No último caso, descortino muitas semelhanças entre Hillary Clinton e a dupla CY Leung e Chui Sai On, porque caso seja eleita Presidente dos Estados Unidos a ainda presumível candidata do Partido Democrata irá governar para o “establishment” e para as oligarquias, em detrimento do povo.
A grande diferença entre a RPC e esses países – por sinal, ocidentais – é medida por dois factores essenciais: a liberdade de expressão e o facto do povo ter o poder de decidir o rumo dos acontecimentos.
No primeiro caso, a liberdade de expressão é reprimida no continente chinês, algo que para a mentalidade do mundo ocidental só tem comparação com os regimes sanguinários e repressivos que durante o século XX tiveram o seu momento no Velho Continente.
Trata-se de uma percepção errónea, porque em muitas democracias ocidentais a liberdade de expressão também é reprimida por via da constante manipulação de informação na Imprensa e nas redes sociais. Contudo, reconheço haver maior grau de humanidade no Ocidente…

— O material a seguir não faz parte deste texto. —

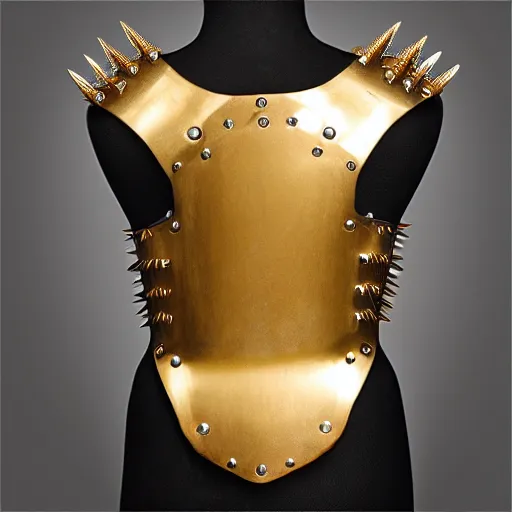 Image similar to female functional practical body armor steel gold medieval draconic spikes shiny realistic photo 4k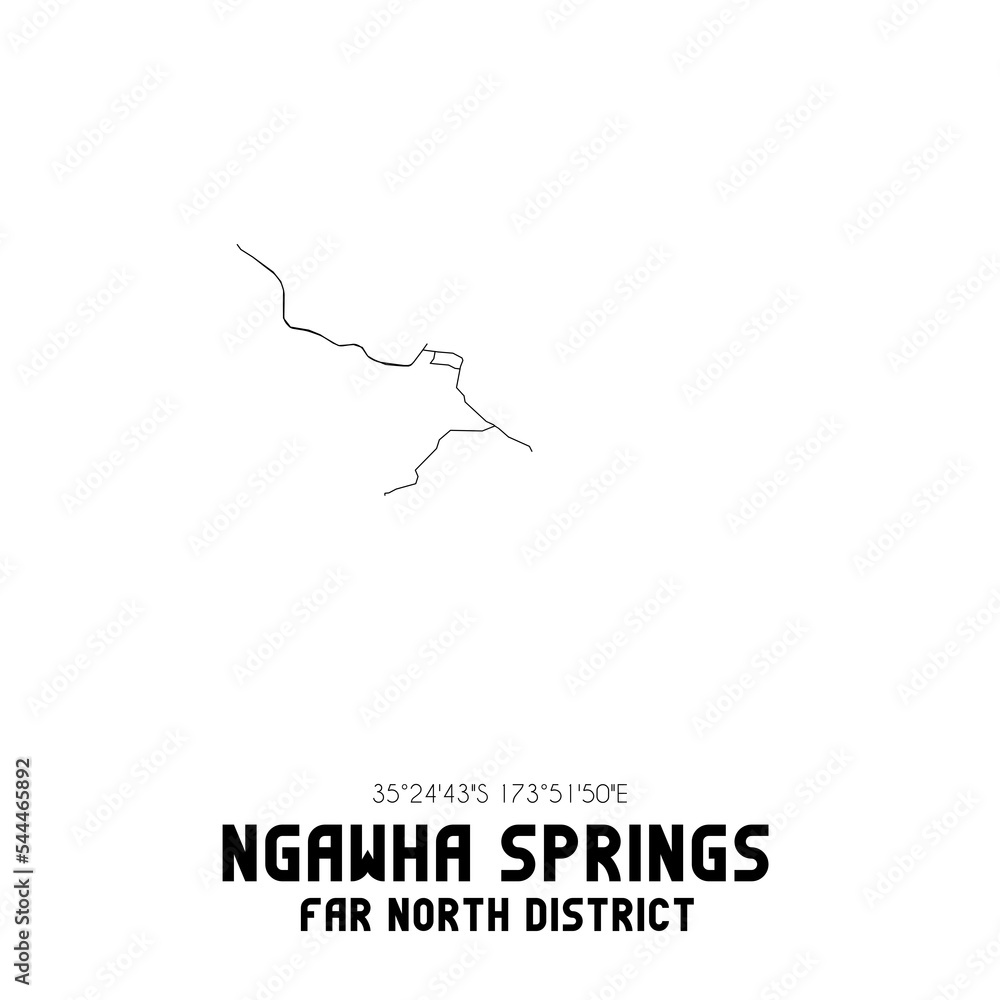 Ngawha Springs, Far North District, New Zealand. Minimalistic road map with black and white lines Ngawha Springs, Far North District, New Zealand. Minimalistic road map with black and white lines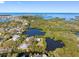 Beautiful aerial view of coastal homes nestled among serene waterways and lush greenery against a captivating ocean backdrop at 5275 Miller Bayou Dr, Port Richey, FL 34668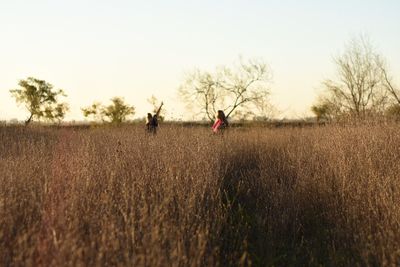 Women on dry plant field in forest during sunset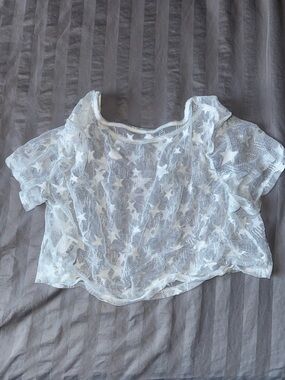 SHEIN White Star Print Mesh Sheer Crop Top - Size M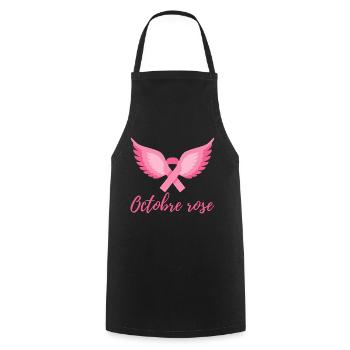 Octobre rose Lutte contre le cancer du sein - Tablier de cuisine - noir - Devant - AI Model Male 185 dark (185cm)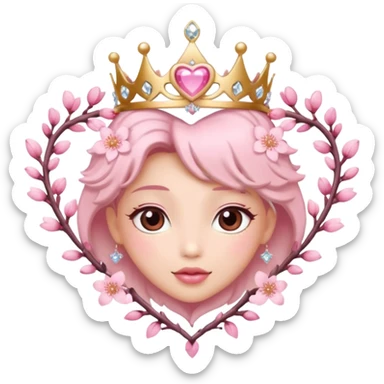 heart with sakura flowers and a sparkling tiara sticker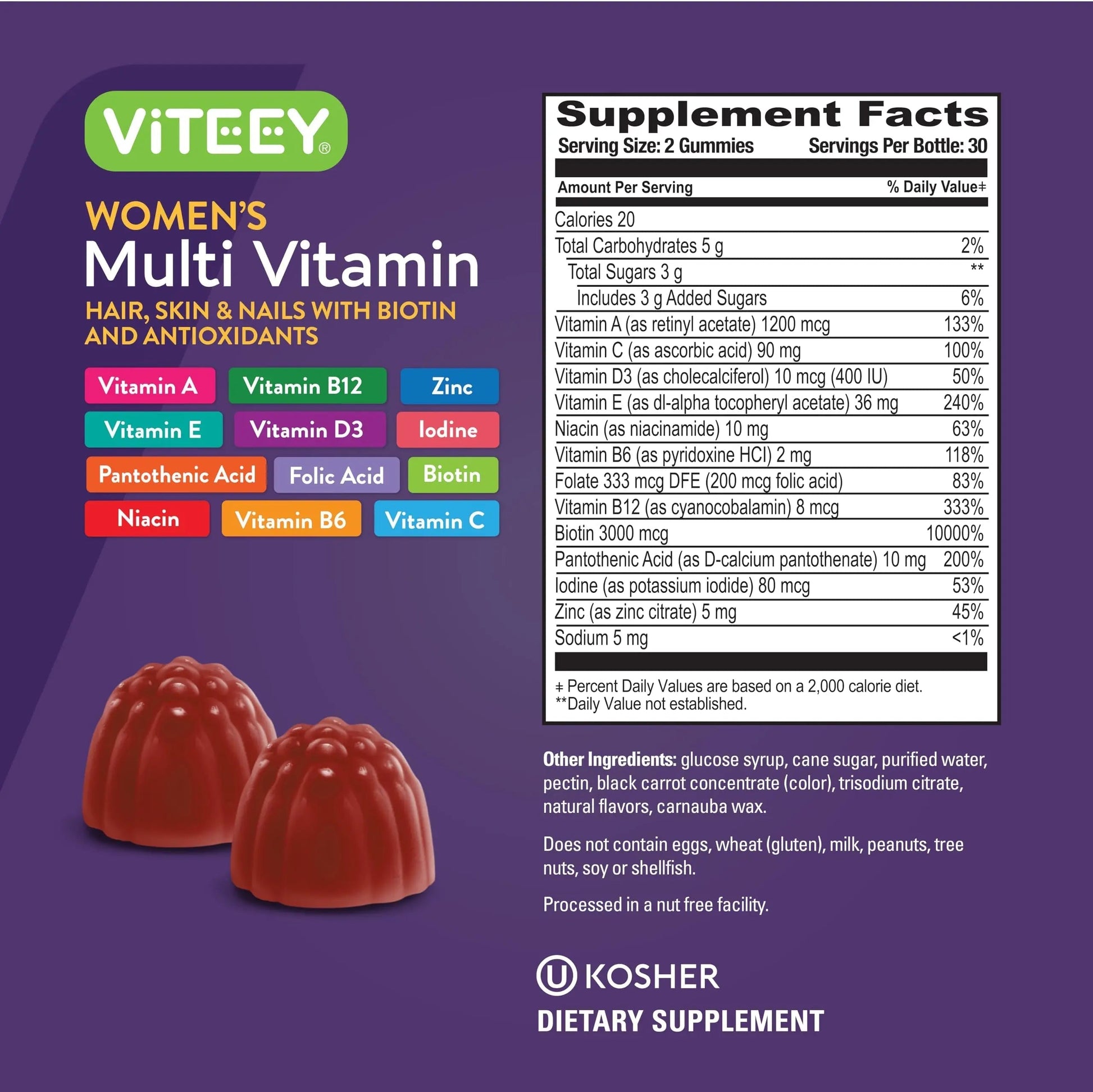 Viteey Womens Multivitamin Gummies - Immune Support - 12 in 1 Essential Vitamins & Minerals - Vitamin A, C, D3, E, B6, B12, Folic Acid, Biotin, Calcium Viteey uk supplements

No segundo caso, sabe-se que os Governos ocidentais podem cair em resultado da vontade popular, mas quem geralmente lhes sucede continua na senda da incoerência governativa, por vezes em prejuízo do bem-comum. Mais uma vez, é a (aparente) certeza de poder mudar o rumo dos acontecimentos para melhor que faz com que a generalidade dos ocidentais olhe com grande desconfiança para a realidade da RPC.
Mais uma achega: a propósito dos livreiros de Hong Kong – dois deles alegadamente sequestrados pelos serviços secretos chineses fora da China continental – será que a CIA nunca adoptou o mesmo método fora dos Estados Unidos?